Well, it wouldn’t be an explosion in the conventional sense. The initial fireball from a nuclear weapon, for example, is primarily surrounding air that was boiled into plasma by the extreme x-ray flux from the nuclear chain reaction. In space, however, there’s no air, so there’s nothing to “explode” in that familiar sense. An antimatter annihilation reaction would produce an extremely bright burst of x-rays and gamma rays, enough to fry the ship, but the only momentum imparted to the ship would be from the photons themselves. As @K^2 noted, we are talking about gigawatt levels of heat for just a single Newton of thrust. If you want more thrust then you’ll need to surround the annihilation reaction with water or liquid methane or liquid hydrogen or something to both absorb the heat and have something with enough mass to actually explode outward and produce meaningful thrust.

The binding energy between the quarks is the relativistic kinetic energy of the gluons which mediate the strong force.

Nope -- the vast majority of mass is relativistic mass from the energetic motion of the particles it contains.

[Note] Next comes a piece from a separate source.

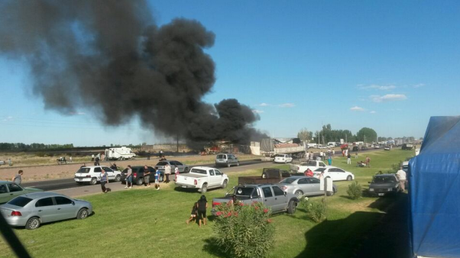 Hay 15 muertos por el choque de un micro y un camión en Mendoza Hay 15 muertos por el choque de un micro y un camión en Mendoza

The nucleus of an atom has more mass than the constituent neutrons and protons it contains. A proton has a mass of 1.6726e-24 grams and it is made of two up quarks and one down quark. The rest mass of an up quark is 4.02e-27 grams and the rest mass of a down quark is 8.59e-27 grams. Add that up and you find that the constituent quarks in a single photon mass just 1.663e-26 grams, just under one percent of the mass of the proton. 99% of the mass of the proton comes from the kinetic energy of those quarks and the gluons that hold them together. When you thrown in the mass of the neutron and the associated binding energy of the gluons which hold the nucleus together, the total "rest mass" in an atom is less than 0.2% of the total mass. You are quite literally made of energy.